A once-contained fire near Powder Mountain flared again and was raging out of control Thursday morning, while short-handed firefighters in Utah County were struggling with a new blaze near Alpine that blackened 100 acres overnight.The fire near the Powder Mountain ski area had been contained at 500 acres since Sunday, but it broke out again just before 3 p.m. Wednesday and was still out of control Thursday morning after burning 1,200 acres.

A Salt Lake County fire dispatcher said more than 50 people called the dispatch center to report the smell of smoke near their homes in Davis and Salt Lake counties, not knowing the smell had drifted all the way from the Powder Mountain fire 25 miles east of Ogden in Ogden Canyon.

Two air tankers dumped fire retardant slurry on the blaze Wednesday while 40 firefighters tackled the fire from the ground. Three more 20-member crews have been requested, and four air tankers are being held in Boise in case they are needed again to battle the fire from the air Thursday, said Forest Service fire information officer Kathy Jo Pollock.

Local firefighting crews are so busy the three additional crews requested are coming from as far away as Delware, Pennsylvania and Illinois, Pollock said.

The fire started Aug. 24, ignited by sparks from a bulldozer working at the Powder Mountain ski area.

It is not expected to be under control again for six more days. "It just depends on what the winds do.

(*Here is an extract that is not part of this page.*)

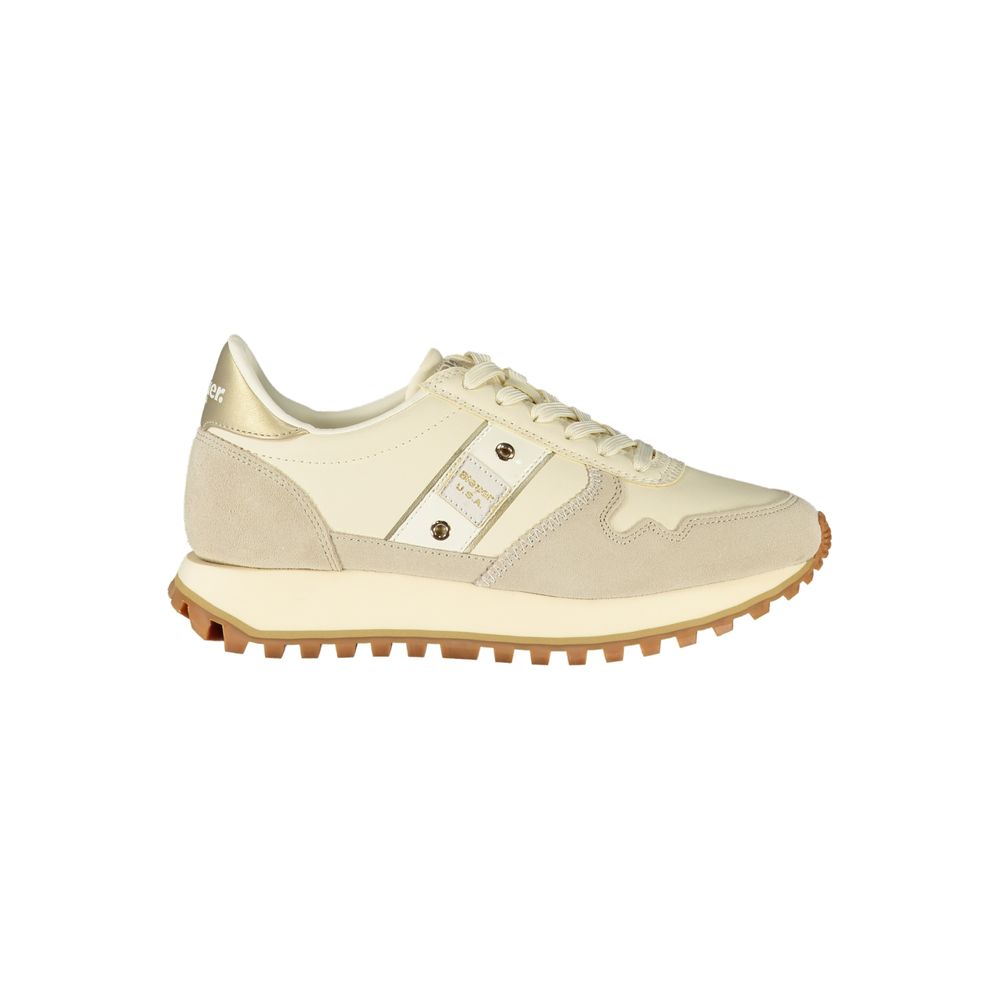 Blauer Beige Læder Sneaker til kvinder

Wind was a real problem yesterday," Interagency Fire Center dispatcher Frank Wiggins said.

Flames were approaching the community of Eden near Pineview Reservoir Thursday morning, but no developed property was in immediate danger, Wiggins said.

At the Alpine blaze, firefighters were hoping for reinforcements and help from the air Thursday morning.

The blaze, sparked Wednesday afternoon by what officials believe was an abandoned campfire, started in the Fort Canyon area a few miles above Alpine. Firefighters fear several homes in the area could be destroyed unless the fire is contained.

Firefighting efforts are being

ampered by steep terrain, rolling rocks and rattle snakes, said Uinta National Forest spokeswoman Beverly Dunn.

Crews from Utah County, the Uinta National Forest, Alpine and American Fork on Wednesday set backfires, worked on firebreaks and established a command post near the blaze. Fire chiefs from Provo, Orem, Springville and Pleasant Grove also were called in for assistance.

Uinta National Forest officials, who have crews battling blazes at Yellowstone National Forest and Powder Mountain, are awaiting reinforcements from Duchesne and the Park Service.

Firefighters had hoped for help Wednesday from air tankers, but planes carrying fire retardant were rerouted to the Powder Mountain fire. Requests for help from helicopters also proved futile.

"We're 12th on the list," said a county fire dispatcher. "There are 11 requests ahead of us."

Ironically, Wednesday's fire began just one day after a special fire closure was ordered in Utah, Wasatch and Juab counties.